Stored items:

====

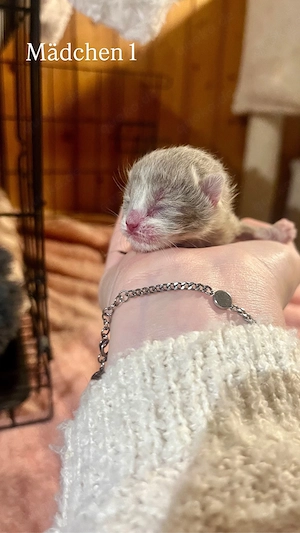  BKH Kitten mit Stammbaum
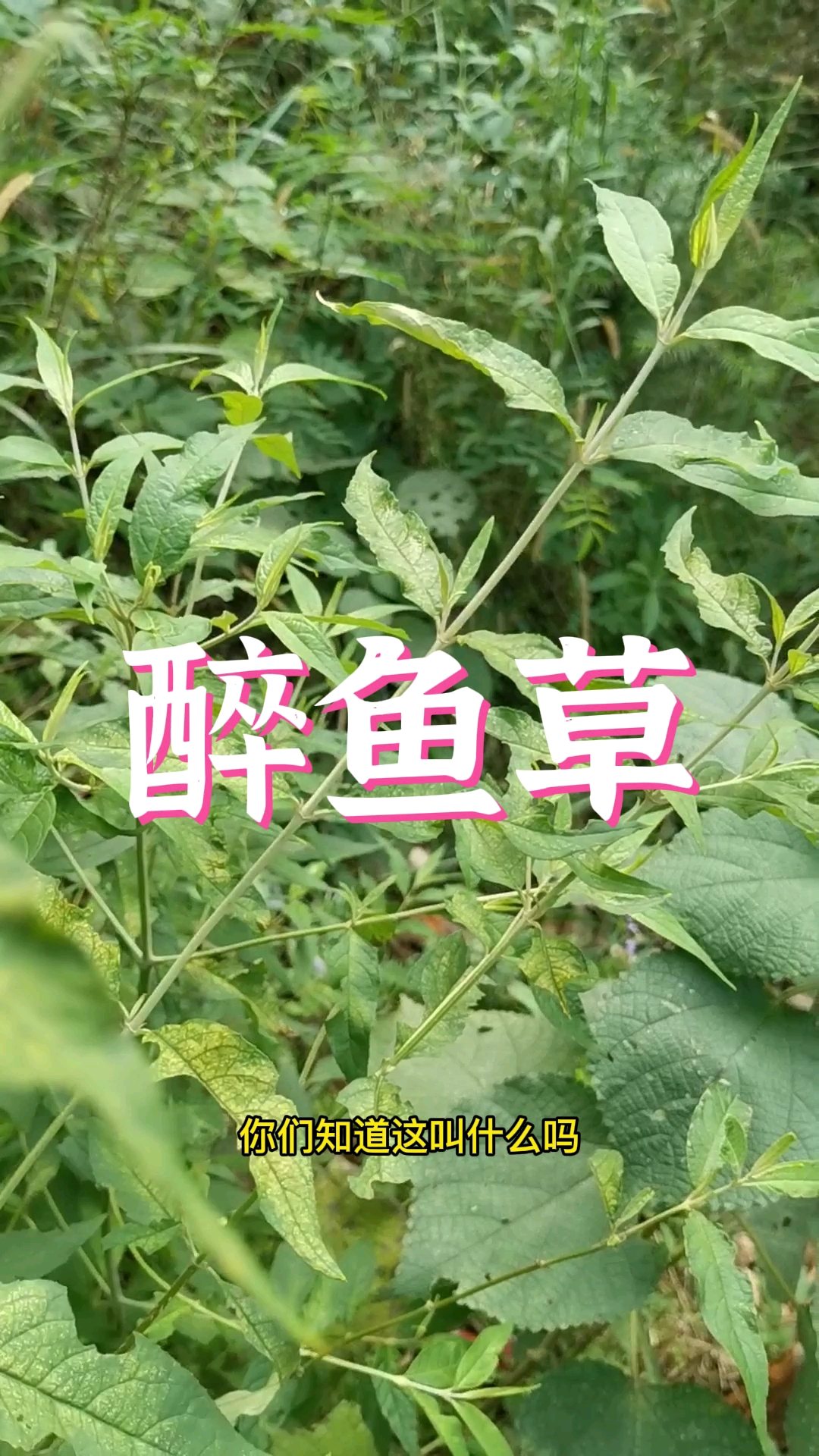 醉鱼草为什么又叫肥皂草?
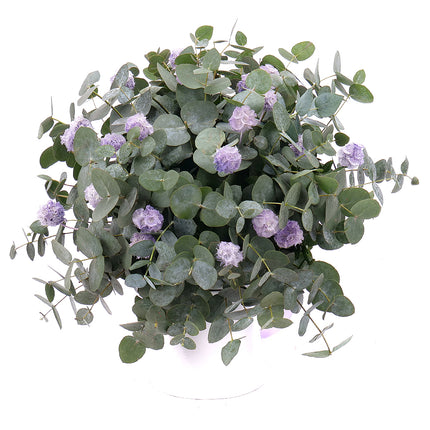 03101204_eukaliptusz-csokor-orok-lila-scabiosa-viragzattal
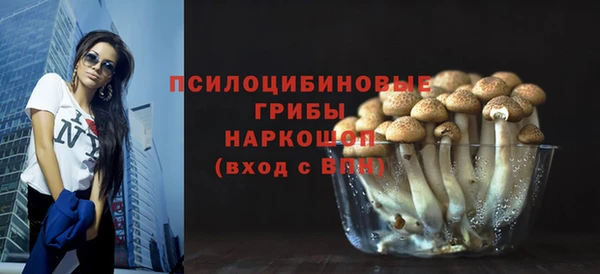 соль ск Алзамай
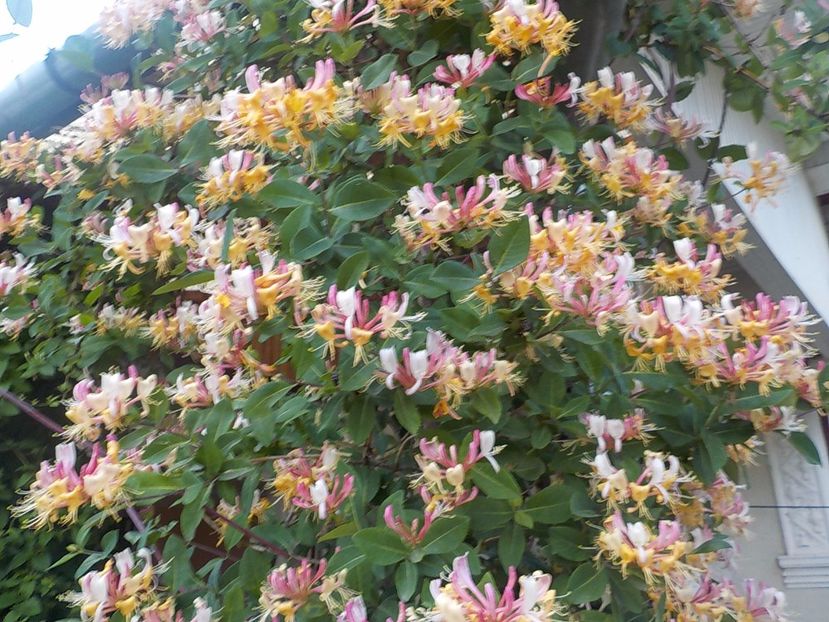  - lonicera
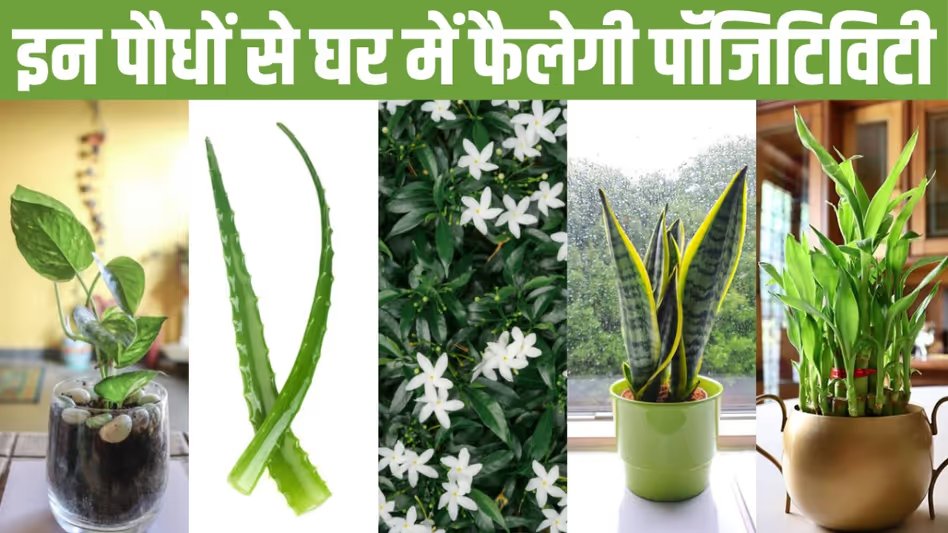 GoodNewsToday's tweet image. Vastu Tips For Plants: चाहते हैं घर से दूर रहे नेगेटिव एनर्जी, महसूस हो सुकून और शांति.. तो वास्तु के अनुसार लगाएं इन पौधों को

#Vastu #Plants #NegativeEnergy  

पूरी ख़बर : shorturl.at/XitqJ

====

Exercise description: Restate the entries verbatim and exclude any pictures.

Finished task:
  BKH Kitten mit Stammbaum
 醉鱼草为什么又叫肥皂草?
 03101204_eukaliptusz-csokor-orok-lila-scabiosa-viragzattal
 соль ск Алзамай
  - lonicera
 GoodNewsToday's tweet image. Vastu Tips For Plants: चाहते हैं घर से दूर रहे नेगेटिव एनर्जी, महसूस हो सुकून और शांति.. तो वास्तु के अनुसार लगाएं इन पौधों को

#Vastu #Plants #NegativeEnergy  

पूरी ख़बर : shorturl.at/XitqJ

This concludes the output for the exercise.